◆ ACTIVITY
Emit a verbatim copy of the lines below from the line with "ALLEN BRADLEY DRIVE" through the line with "31 Brueckner Road, Sequim, WA 98382", excluding pictures and everything outside that range.

Top of EXERCISE MATERIALS

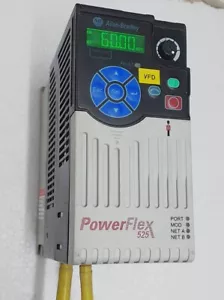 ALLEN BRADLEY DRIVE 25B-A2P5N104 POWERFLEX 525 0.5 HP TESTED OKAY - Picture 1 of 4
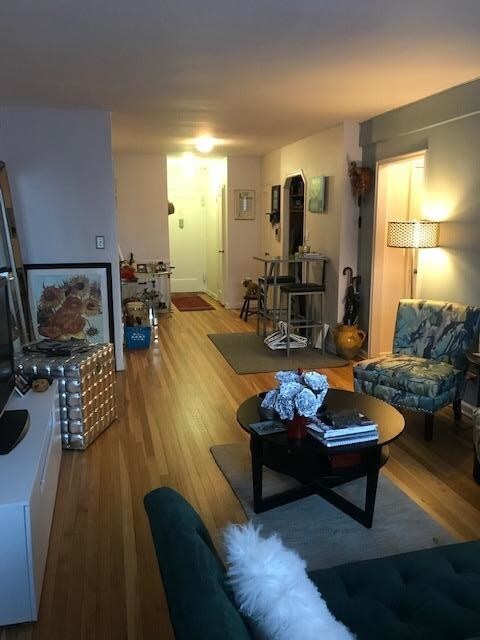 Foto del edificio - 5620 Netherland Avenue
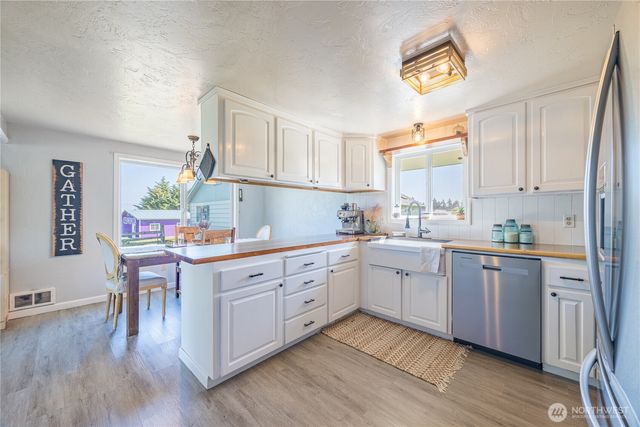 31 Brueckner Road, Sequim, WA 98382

Bottom of EXERCISE MATERIALS
Top of EXERCISE MATERIALS

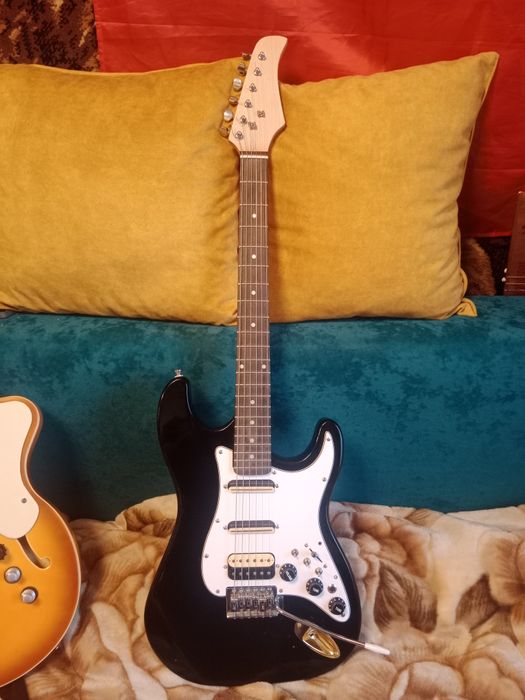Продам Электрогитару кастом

Bottom of EXERCISE MATERIALS

◆ RESULT OF THIS EXERCISE
 ALLEN BRADLEY DRIVE 25B-A2P5N104 POWERFLEX 525 0.5 HP TESTED OKAY - Picture 1 of 4
 Foto del edificio - 5620 Netherland Avenue
 31 Brueckner Road, Sequim, WA 98382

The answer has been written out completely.